P.S. I can attach a few of the files if that would help, but not sure if I should. This is my first posting.


----------



## koala (Mar 27, 2005)

Hi Macie, welcome to TSF

Can you attach to your next reply one of the recovered jpg files and one of the files that can't be opened so we can compare them.

Do you remember which program you used to scan the files to CD? And which program are you using now to view the images?

If you feel like trying another data recovery program, the freeware *PC Inspector* should work better than the trial versions you've already used.


----------



## Macie (Aug 5, 2007)

I used my HP Precision Scan LTX software, saved the files to hard drive, and then burned to CD. I just realized that no additional photos were recovered using the software like I thought. I have attached one of the "good" files, and I am not able to attach one of the "bad" files at the moment. Getting Internet Explorer error when I try. Thanks!!


----------



## koala (Mar 27, 2005)

Check the CD for scratches. If they're not too deep you could try a CD repair kit which is a paste that you rub over the surface of the disc.

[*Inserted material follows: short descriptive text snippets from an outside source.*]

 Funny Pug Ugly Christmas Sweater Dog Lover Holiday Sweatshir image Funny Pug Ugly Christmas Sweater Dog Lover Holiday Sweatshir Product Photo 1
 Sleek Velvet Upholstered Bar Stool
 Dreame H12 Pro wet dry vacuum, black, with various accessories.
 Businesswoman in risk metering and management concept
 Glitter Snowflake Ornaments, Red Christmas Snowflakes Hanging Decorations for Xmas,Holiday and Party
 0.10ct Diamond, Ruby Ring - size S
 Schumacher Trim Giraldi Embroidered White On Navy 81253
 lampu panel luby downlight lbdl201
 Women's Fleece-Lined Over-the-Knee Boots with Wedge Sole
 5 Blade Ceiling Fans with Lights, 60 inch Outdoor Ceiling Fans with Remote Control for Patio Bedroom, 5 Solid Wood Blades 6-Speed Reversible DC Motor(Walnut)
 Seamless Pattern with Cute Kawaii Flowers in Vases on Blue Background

Can the CD be read on any other computers?

Any luck with PC Inspector File Recovery?

I was hoping to compare a faulty file with a working one to see if there is any difference in the JPG file properties which might give a clue to the "plug-in" error.

Do the faulty files have JPG/TIF file extensions or just the filenames? You may need to disable Tools > Folder Options > View tab > "Hide extensions for known filetypes" in Windows Explorer to check this.


----------



## Macie (Aug 5, 2007)

There does appear to be minor scratches, so I will try the repair you suggested. I will give the PC Inspector a try. I do have the same problem in other computers, and faulty files do have file extensions.


----------



## Macie (Aug 5, 2007)

I tried both PC Inspector File Recovery and Smart Recovery, and neither was able to open any of the faulty files. Smart Recovery gave a message that the disc was too damaged for it's fast mode, so it used the intensive mode.


----------